Y, otra cuestión: ¿Respetamos la lentitud de la expresión, a veces laboriosa, de nuestro interlocutor?
A veces, nuestra escucha se ve interrumpida por el recuerdo de memorias que una sola palabra puede evocar. Luego nos embarcamos en una historia personal: “Es como yo…”, ¡y monopolizamos la palabra!
También podemos sentir una gran emoción cuando recordamos una situación. Entonces nos dejamos abrumar por sentimientos de ira, miedo y revuelta, cuyo origen ignoramos a menudo y que perturban, o incluso paralizan, cualquier posibilidad de escuchar, con el riesgo de provocar reacciones desproporcionadas a la realidad del momento.
Escuchar tiene sus requisitos
Escuchar requiere que paremos nuestra actividad.
¿Has visto cómo los niños son hábiles para hacer preguntas delicadas en los momentos en que estamos más ocupados? Si no podemos parar, nos aseguraremos de no olvidarnos de contestar más tarde.
Escuchar requiere saber callar y silenciarse internamente. Si las preocupaciones ocupan todo el campo de nuestro pensamiento, no seremos receptivos.
Escuchar implica apertura. Si seguimos comprometidos con nuestra visión, nuestras convicciones, nuestra certidumbre, ponemos una barrera a la recepción de las formulaciones de nuestro interlocutor.

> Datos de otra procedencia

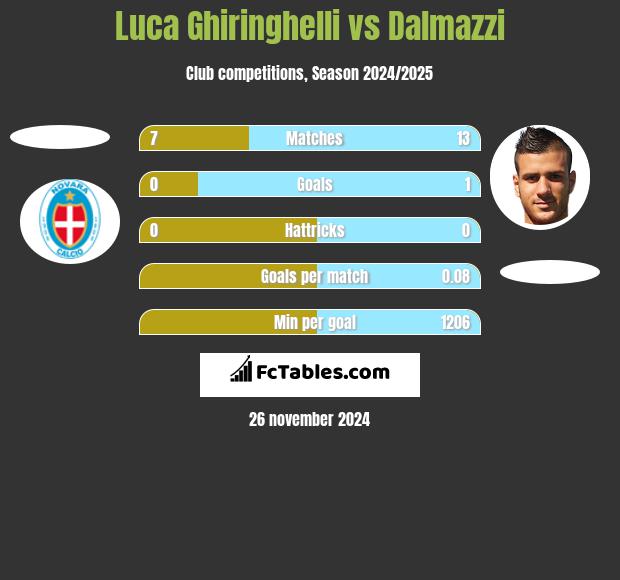 Luca Ghiringhelli vs Dalmazzi h2h player stats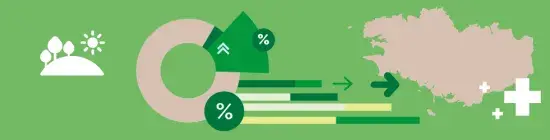 Les données sur les paysages en Bretagne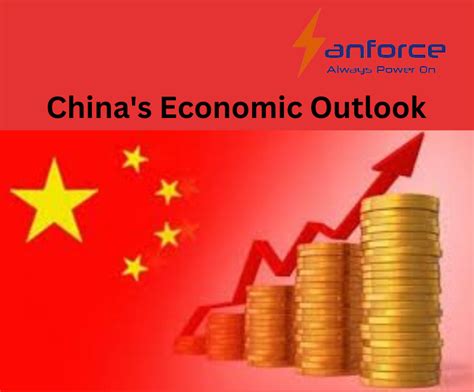 China's Economic Outlook 2023: Trends, Implications & Global Trading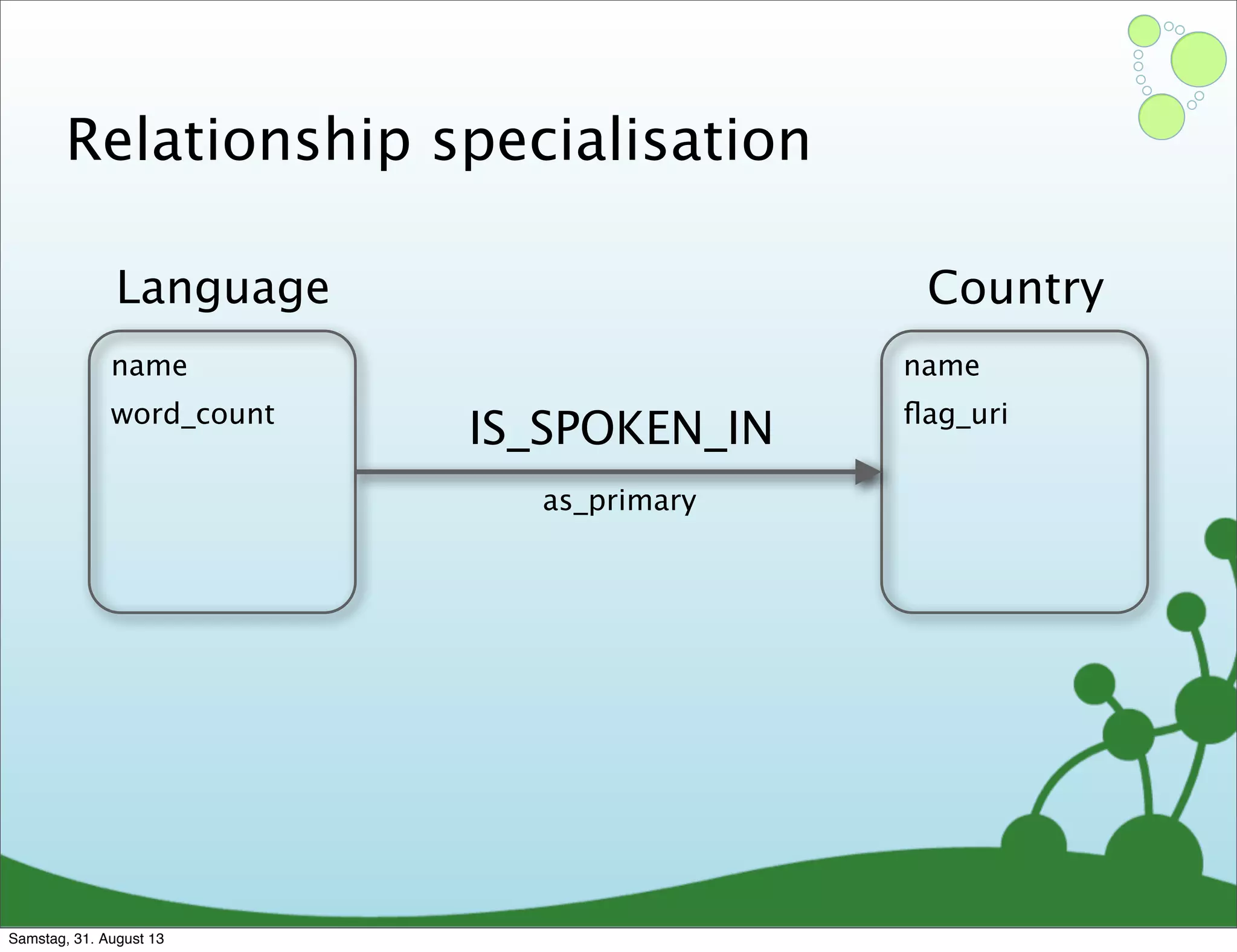Relationship specialisation
name
word_count
Language
name
ﬂag_uri
Country
IS_SPOKEN_IN
as_primary
Samstag, 31. August 13
 
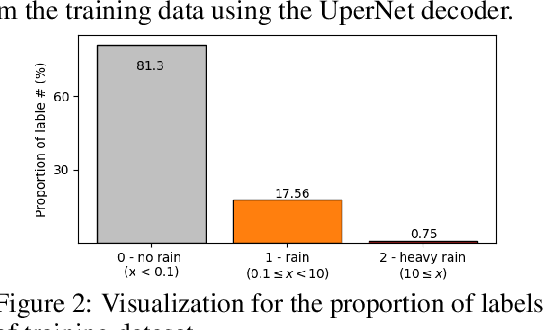 Figure 3 for Self-supervised Pre-training for Precipitation Post-processor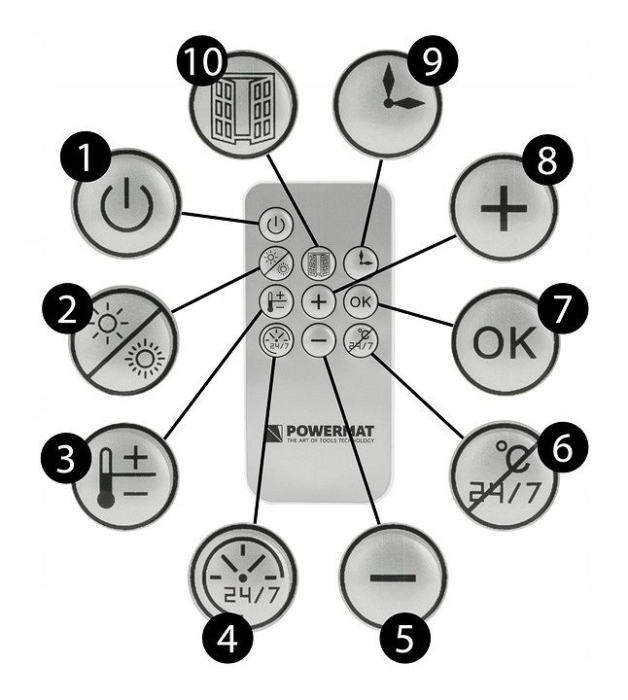 Aerotermă cu Ventilator și Încălzire Ceramică 2000W – Generator Aer Cald Tip Perdea de Aer [6]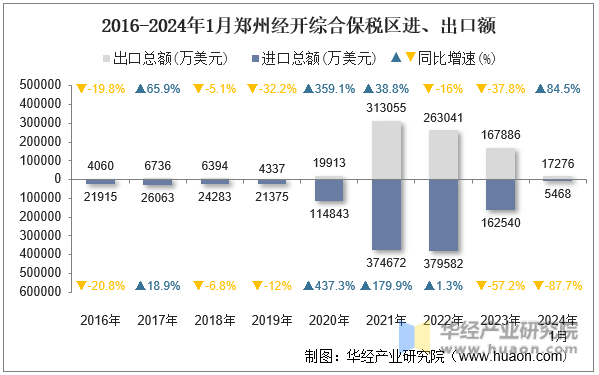 2016-2024年1月郑州经开综合保税区进、出口额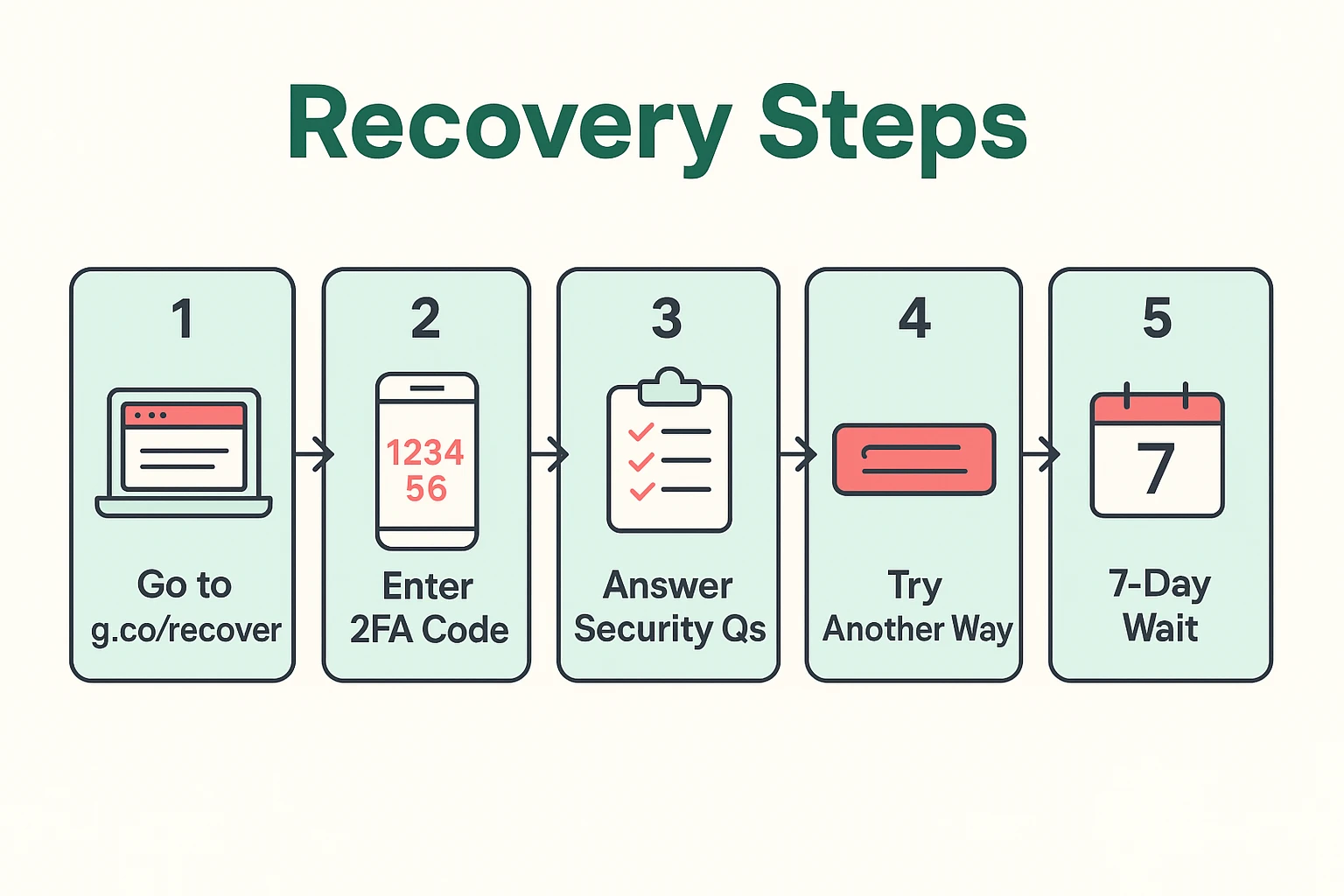 This visual guides seniors through Google's multi-step account recovery, simplifying technical steps into clear, manageable actions to follow sequentially.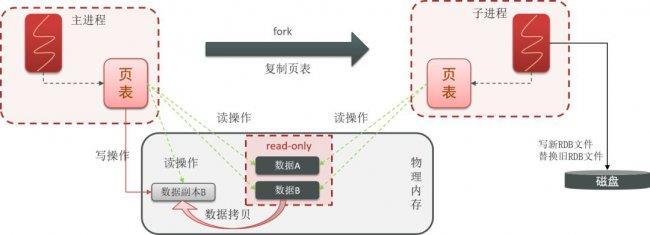 Redis持久化有哪几种方式(各有哪些优缺点？)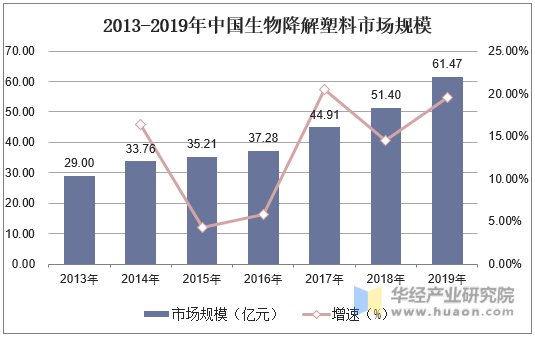 2013-2019年中国生物降解塑料市场规模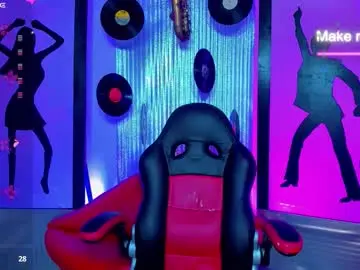 Chaturbate Nude Webcam of _nickyminach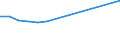 Verkaufte Produktion 26515279 Andere Druckmess- und Überwachungsinstrumente, -apparate und -geräte                                                                                                               /in 1000 p/st /Meldeland: Schweden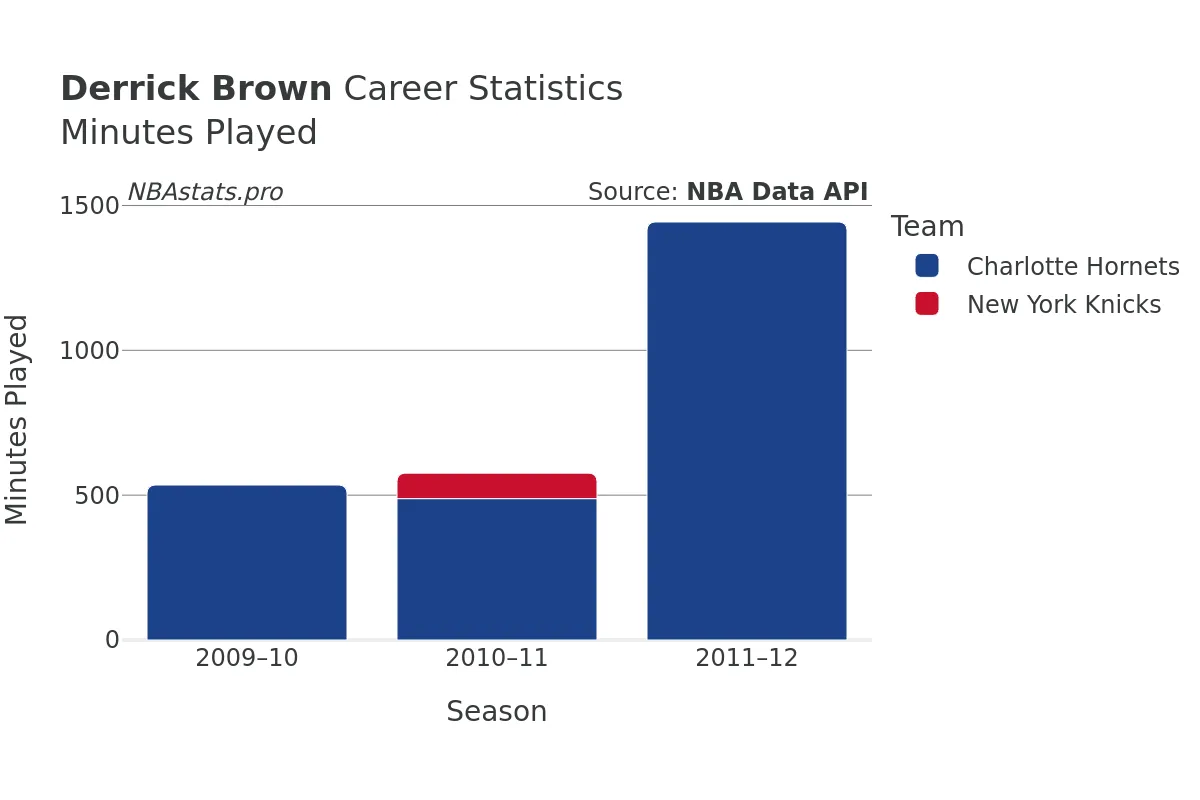 Derrick Brown Minutes–Played Career Chart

Escuchar requiere bondad interior. La actitud es fácil cuando el clima es tranquilo, es mucho más difícil cuando existen tensiones.
La pareja y la familia son los mejores lugares para este ejercicio.
Nuestra capacidad de escuchar dependerá de nuestra paz interior y de nuestra capacidad de distanciarnos de nosotros mismos. Requiere un buen conocimiento de sí mismo, que se adquiere poco a poco a la luz de nuestros “fracasos”.
Escuchar, una virtud cristiana
El propio Jesús confiere una gran importancia al hecho de escuchar cuando nos dice: “Presten atención y oigan bien” (Lc 8,18).
Escuchar a los demás significa recibir un regalo que solo ellos pueden dar. ¿Nos ponemos en la disposición interior para acogerlo?
Avanzar en esta disposición a abrirnos a quien nos habla, ¿no es también aprender a escuchar a Dios y a dejarnos transformar?
¿Y si, en nuestra oración, donde necesitamos expresar nuestros sentimientos de gratitud, nuestras peticiones, nuestras preocupaciones, aprendemos a callarnos, a calmar nuestra imaginación para convertirnos en oyentes, a escuchar lo que el Espíritu Santo quiere decirnos? Podríamos recibir la Palabra como la semilla del Sembrador que caerá en la tierra fértil y dará su fruto.
Si nos dedicamos a estos pequeños ejercicios de escucha todos los días, con la familia o los amigos, si nos ocupamos de nuestra acogida interior, progresaremos.
Así nos será más fácil decir a Dios, como al joven Samuel: “Habla, Señor, porque tu servidor escucha” (1 Sam 3,9).